Bcl-2 can be readily isolated from membrane fractions (Hsu et al., 1997; Hausmann et al., 2000) and seems to be an integral membrane protein (Chen-Levy et al., 1989; Janiak et al., 1994). Although one study suggests that Bcl-xL may be an integral membrane protein (Kaufmann et al., 2003), a substantial portion of the protein is readily displaced from membranes and thus cannot be integrated (Hsu et al., 1997; Hausmann et al., 2000; Nijhawan et al., 2003). We found that Bcl-w binds very weakly to membranes in healthy cells but that its affinity is dramatically enhanced in dying cells, where it appears to become an integral membrane protein (Fig. 1). Rather than a late event requiring caspase activation, this transition seems to be mediated by the binding of a BH3-only protein, such as Bim, and is thus associated with the initiation of cell death (Huang and Strasser, 2000). Engagement of the BH3 domain alone must suffice, because addition of a Bim BH3 peptide to lysates induced a change in the membrane association of Bcl-w indistinguishable from that observed in cells induced to die (compare Figs. 1 and 3). Similar conclusions have been reached regarding Bcl-xL (Youle, R., personal communication).

As the BH3-only proteins bind the prosurvival proteins with high specificity and affinity, we propose that their ligation promotes membrane integration by altering the conformation of the prosurvival protein.
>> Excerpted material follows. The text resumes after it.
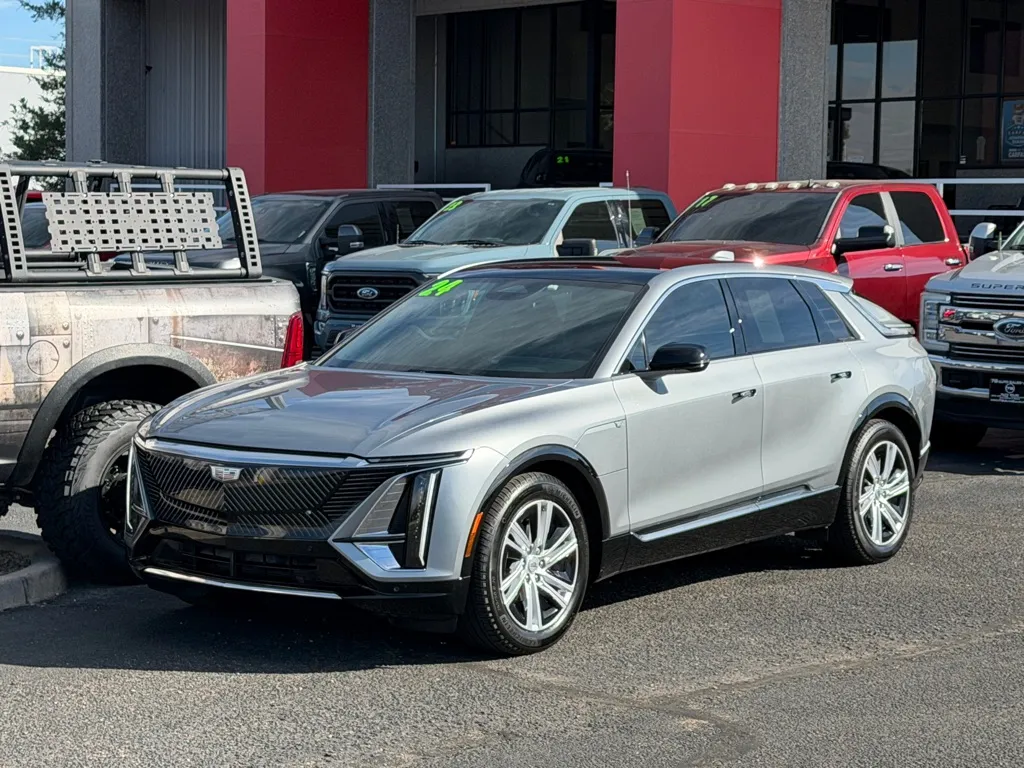 2024 Cadillac LYRIQ Tech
Although the Bcl-xL structure does not exhibit a large conformational change when a BH3 peptide is bound (Sattler et al., 1997; Petros et al., 2000; Liu et al., 2003), a caveat is that those structures were derived from a Bcl-xL protein lacking the hydrophobic COOH-terminal domain. Interestingly the structure of full-length proapoptotic Bax, a cytosolic protein, revealed that its hydrophobic COOH-terminal residues forms an α helix that nestles into a hydrophobic groove that is very similar to that used by prosurvival relatives to bind BH3 peptides (Suzuki et al., 2000). It has been proposed that the orientation of the COOH-terminal hydrophobic residues alters Bax localization, because damage signals induce Bax to translocate from the cytosol to mitochondrial membranes, where it forms oligomers (Nechushtan et al., 1999; Antonsson et al., 2001; Mikhailov et al., 2001; Nechushtan et al., 2001). As Bax, or its close relative Bak, is essential to signal many forms of cell death (Lindsten et al., 2000), the conformational alteration in Bax and Bak may represent a critical step in apoptosis.

Bcl-w may also undergo a conformational switch of the COOH terminus, like that proposed for Bax. Our recent solution structure of Bcl-w lacking only the last 10 residues (Hinds et al., 2003) unexpectedly revealed that its COOH-terminal hydrophobic residues, like that of Bax, are tucked into the hydrophobic groove, occupying the site where a BH3 domain binds in Bcl-xL (Sattler et al., 1997; Petros et al., 2000; Liu et al., 2003). Therefore, a BH3 ligand must displace the sticky hydrophobic residues and thus make it available to insert into a lipid environment. The membrane integration of Bcl-w after a death signal (Fig. 1) probably reflects insertion of the COOH-terminal domain into the membrane after its displacement from the groove by the engagement of a BH3-only protein. It is unlikely that membrane integration requires an independent signal, or is an indirect consequence of apoptosis, because the transition could be triggered simply by BH3 peptides added to lysates of healthy cells (Fig. 3), and a Bcl-w chimera having a tethered wild-type BH3 domain was integrated even in healthy cells (Fig. 5).

Previous analysis of the binding of BH3-only proteins to prosurvival relatives has not clearly established whether their association simply neutralizes the function of the latter or instead converts the Bcl-2–like protein into a Bax-like “killer.” The similarity of the structure of Bcl-xL to the pore-forming domain of bacterial toxins (Muchmore et al., 1996) has stimulated interest in the hypothesis that Bcl-2–like proteins form pores in the mitochondrial membranes (Vander Heiden and Thompson, 1999; Tsujimoto and Shimizu, 2000; Zamzami and Kroemer, 2001) and thereby control the release of proapoptogenic factors such as cytochrome c (Green and Reed, 1998; Gross et al., 1999; Martinou and Green, 2001). In such a model, binding of a BH3-only protein to a Bcl-2–like protein might well initiate pore formation, leading to cell death. Our studies, however, indicate that this is unlikely, because a chimera that mimics a BH3-bound conformer of Bcl-w had no deleterious effects on the cell (Fig. 6). Genetic studies also argue against the idea that the mammalian prosurvival proteins harbor a latent killing activity because their deletion in the mouse leads to tissue degeneration and loss of cell viability, rather than the hyperplasia that would be predicted if these proteins mediate killing (Cory and Adams, 2002).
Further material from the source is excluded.